Leaving out the pictures, write out exactly each line from the line with "Toyota C-HR Hybrid" through the close of the listing below.

RECORDS PROVIDED:
★ ★ ★ ★ ★ ★ ★

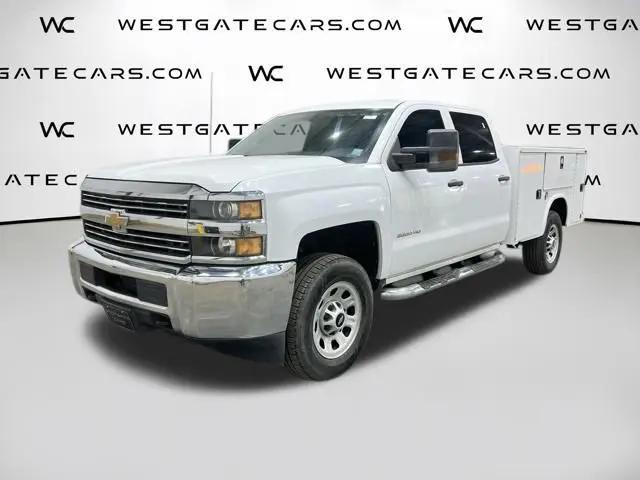2015 Chevrolet Silverado 3500HD WT for sale in Raleigh, NC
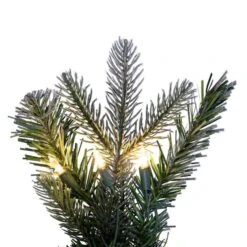 Vickerman Unlit Artificial Christmas Teardrop (693131) -Vickerman 693131tipsmd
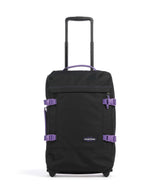 Eastpak Tranverz S Travel bag with wheels kontrast vineyard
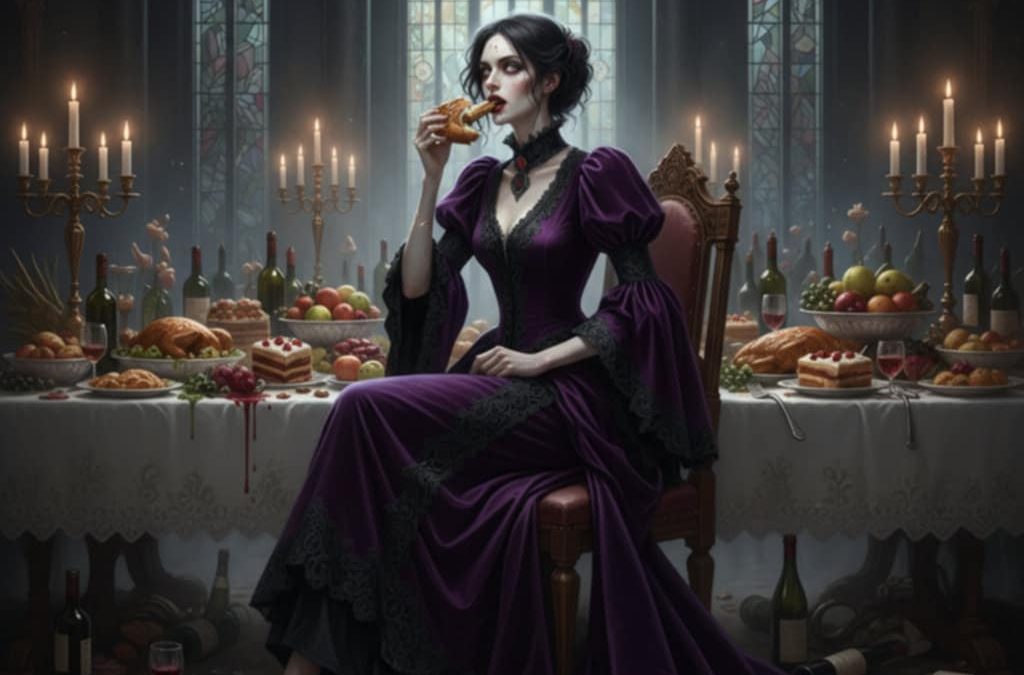 Tome VI – L’Appétit des Sens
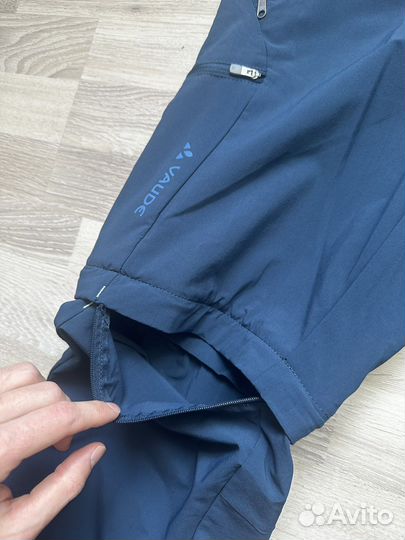 Брюки Vaude farley stretch ZO pants II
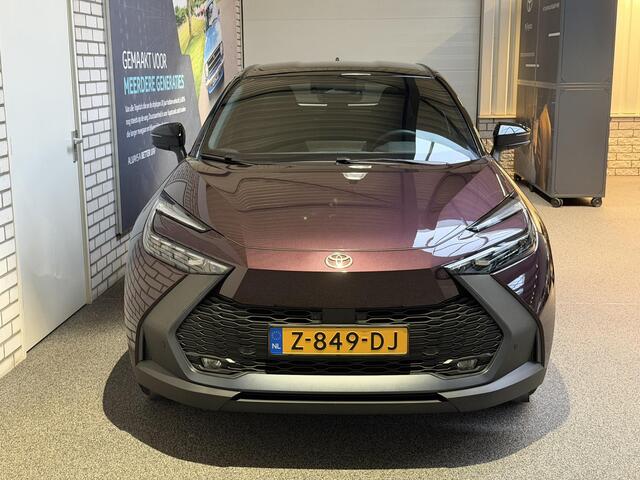 Toyota C-HR Hybrid 140 First Edition Bi-Tone Automaat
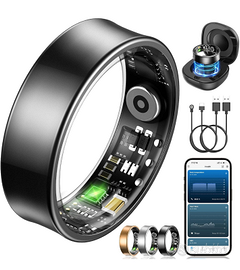 Anello Smart Android e Ios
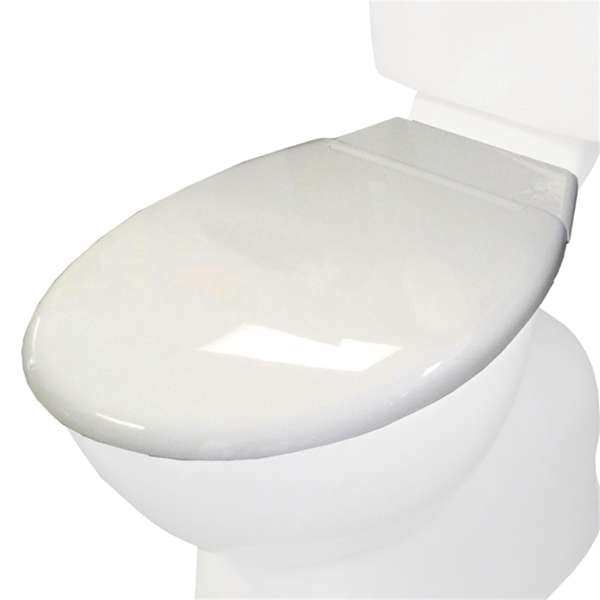 Haron Meriton Toilet Seat White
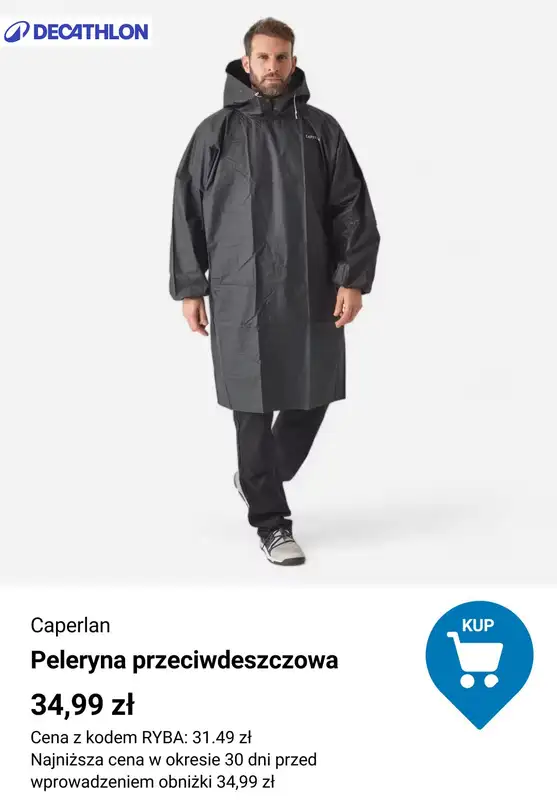#Majówka - gazetka promocyjna Decathlon | -10% na ofertę wędkarską od wtorku 29.04 do niedzieli 11.05 - strona 11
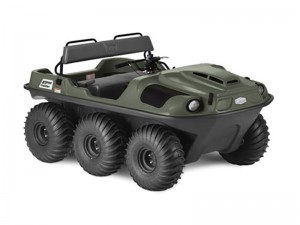 frontier 6x6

★ ★ ★ ★ ★ ★ ★

REPLY TO THE TASK:
 Toyota C-HR Hybrid 140 First Edition Bi-Tone Automaat
 Anello Smart Android e Ios
 Haron Meriton Toilet Seat White
#Majówka - gazetka promocyjna Decathlon | -10% na ofertę wędkarską od wtorku 29.04 do niedzieli 11.05 - strona 11
 frontier 6x6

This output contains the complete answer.